━━━━━ DATA PROVIDED

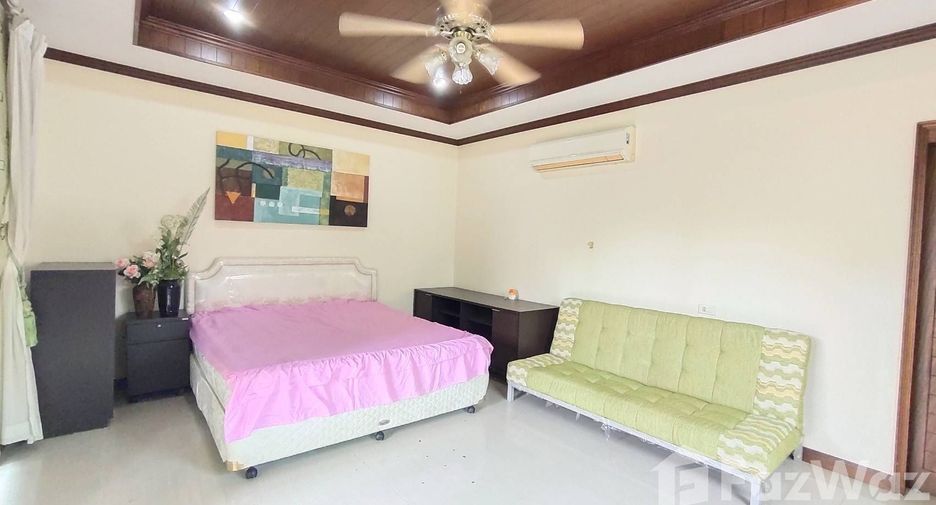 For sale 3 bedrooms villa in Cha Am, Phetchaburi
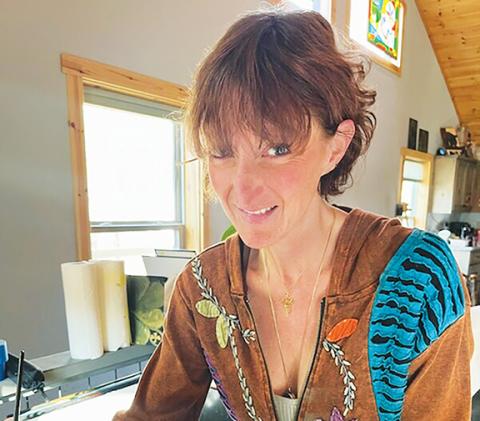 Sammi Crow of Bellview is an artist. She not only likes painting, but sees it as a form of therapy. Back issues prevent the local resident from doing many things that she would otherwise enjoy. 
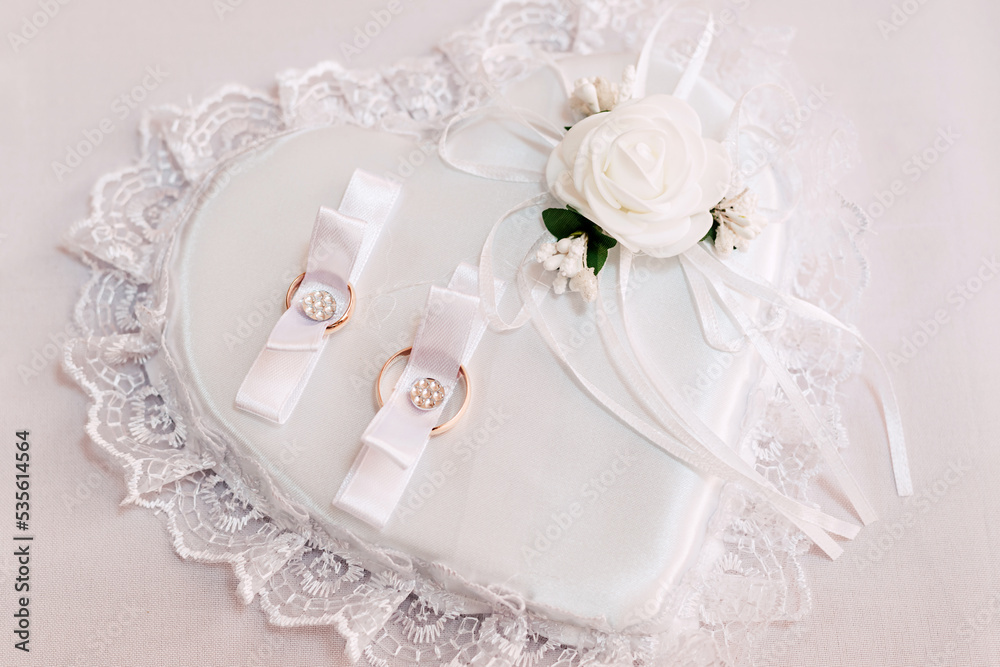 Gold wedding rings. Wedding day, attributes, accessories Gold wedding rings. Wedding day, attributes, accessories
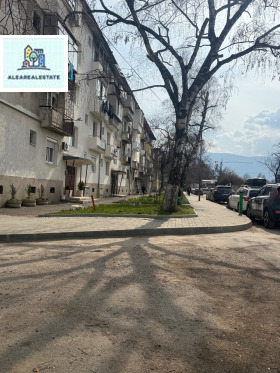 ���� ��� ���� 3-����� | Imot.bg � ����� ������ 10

━━━━━━━━━━
━━━━━ DATA PROVIDED

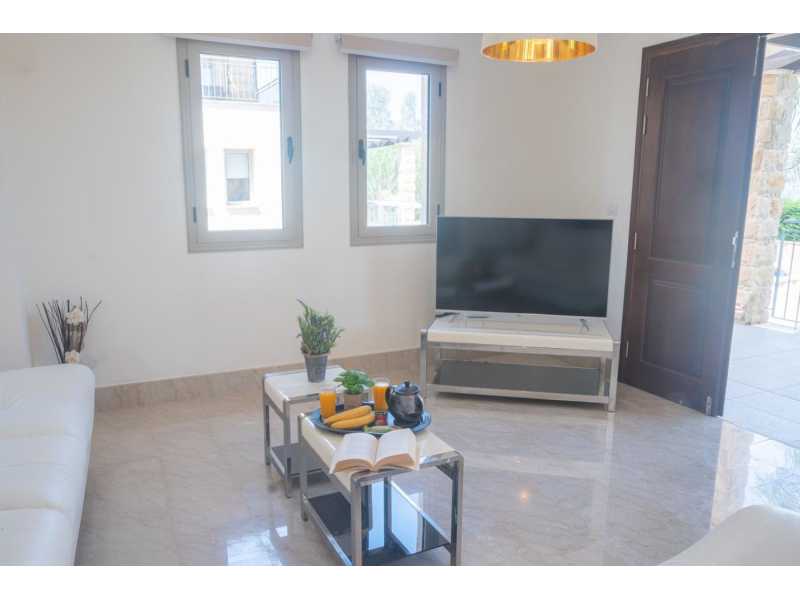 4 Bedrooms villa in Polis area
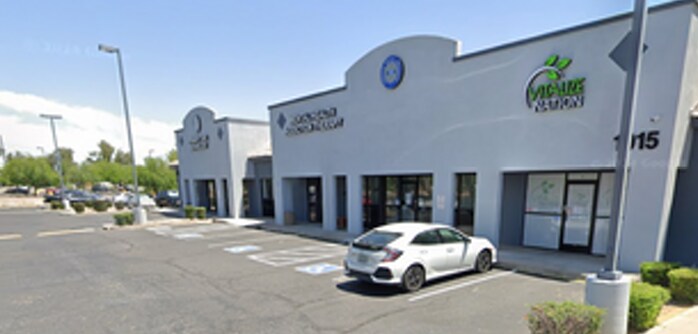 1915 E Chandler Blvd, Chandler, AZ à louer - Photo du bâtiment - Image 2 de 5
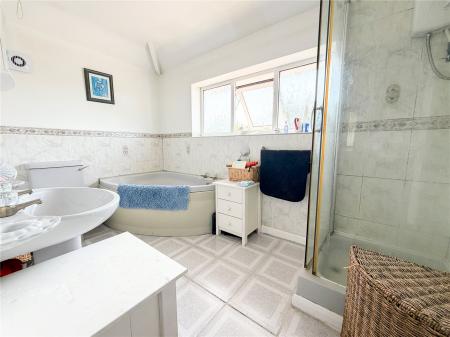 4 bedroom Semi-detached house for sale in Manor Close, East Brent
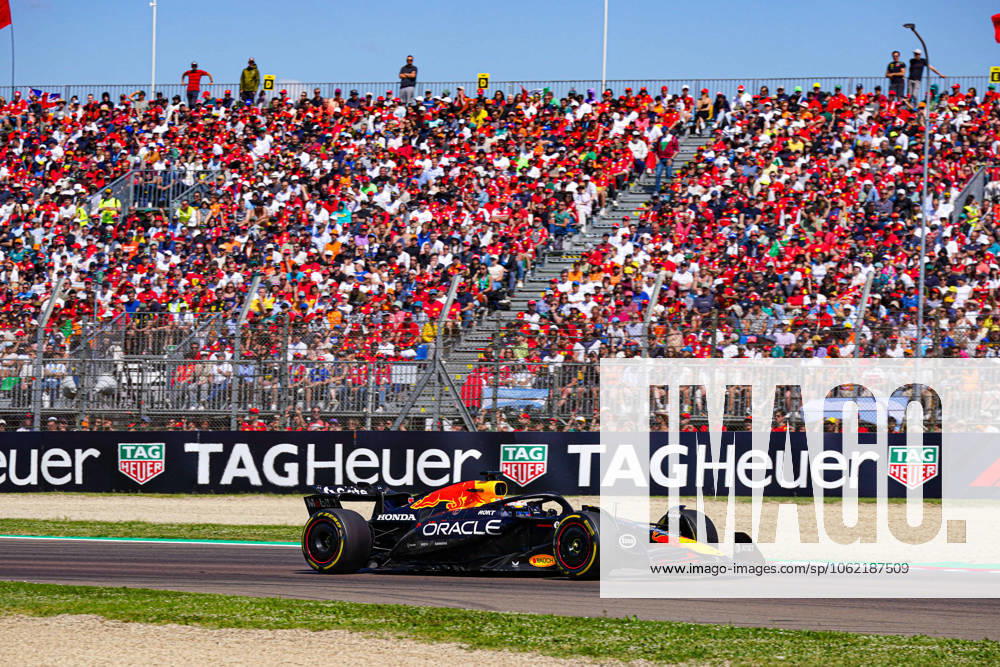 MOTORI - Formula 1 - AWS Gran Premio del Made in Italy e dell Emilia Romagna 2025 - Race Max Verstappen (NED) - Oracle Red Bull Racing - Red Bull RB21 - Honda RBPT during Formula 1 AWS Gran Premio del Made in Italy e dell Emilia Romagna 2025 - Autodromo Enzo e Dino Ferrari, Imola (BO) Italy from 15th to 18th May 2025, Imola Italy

━━━━━━━━━━

- _PROBLEM DESCRIPTION_
Your copy should hold only the lines above from the one containing "4 Bedrooms villa in Polis area" through the one containing "4 bedroom Semi-detached", exactly as written and free of pictures.

- _EXERCISE ANSWER_
 4 Bedrooms villa in Polis area
 1915 E Chandler Blvd, Chandler, AZ à louer - Photo du bâtiment - Image 2 de 5
 4 bedroom Semi-detached house for sale in Manor Close, East Brent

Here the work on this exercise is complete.